Money is really a simple topic, but the concept has been so corrupted over time that I anticipate this will take multiple posts to discuss. Hence, the Part 1 in the title.
In order to understand what money is, we have to look at its origins. Money was originally a commodity itself. That is, it had intrinsic value because it cost somebody something to produce. For instance, if two farmers used wheat as a medium of exchange, each knew how much work, resources, and time it took to produce one bushel of wheat. They knew likewise how much work, resources, and time it took to produce one gallon of milk. They could therefore decide what benefit, in terms of wheat, one gallon of milk had in order to determine a rate of exchange (price).
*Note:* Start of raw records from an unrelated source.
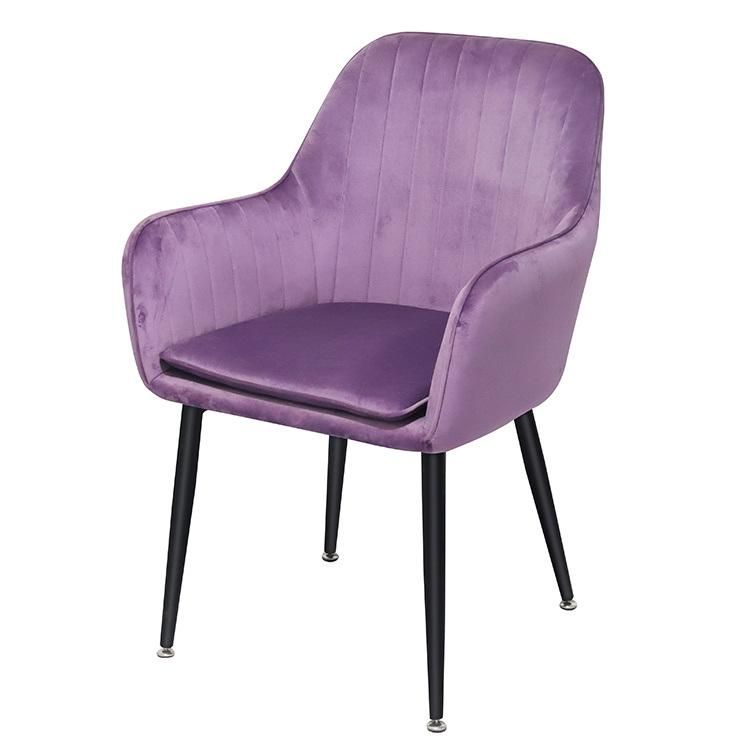 Modern Hotel Plastic Indoor Outdoor Metal Velvet Party Dining Furniture Chair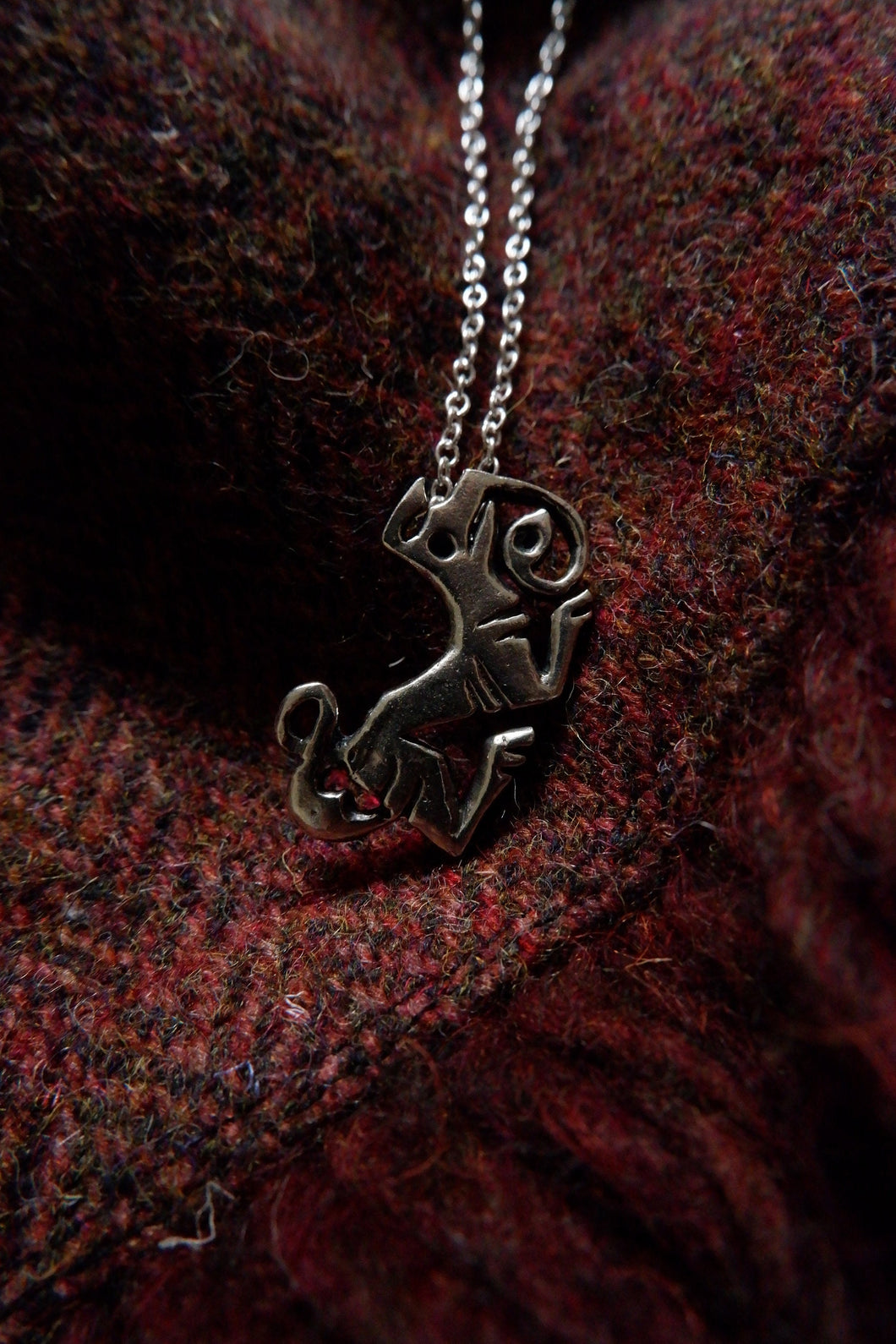 Galloway Hoard Dog Pendant in Sterling Silver
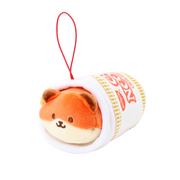 Cup Noodles Foxiroll Plush Keychain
But they had to denominate the benefit in terms of a real commodity, something that costs to produce, otherwise they wouldn't know the "price" of the good.
Eventually, large groups of people started using precious metals as a means of trade. This was because the metals didn't lose their value due to time or environmental conditions so they could be readily circulated and widely accepted. In addition, metals could be verified by a simple system of weight measurement. The most important thing to remember here though is that precious metals did not simply grow on trees. They took work and time and resources to mine and refine. Thus, the miners could measure their production in terms of gold mined and refined in a day and how much of that they were willing to exchange for the goods and services they required.
The fundamental and original concept that money itself must be a commodity has been all but lost in today's economy. However, because of our historic use of precious metals as money and denomination of those metals in terms of our currency ($$$), we are able to operate with a system of prices. That is to say, without the basis of money as a commodity, we would never know how much something costs in terms of dollars, because dollars are not themselves a commodity and cost virtually nothing to produce.
This concept is vital in understanding the challenges in our current monetary system. Along with a basic understanding of supply and demand, it logically leads to some important conclusions that I will discuss later. However, I would like to first propose this theory of money and ask: What am I missing? Is there anything in my explanation that needs to be modified?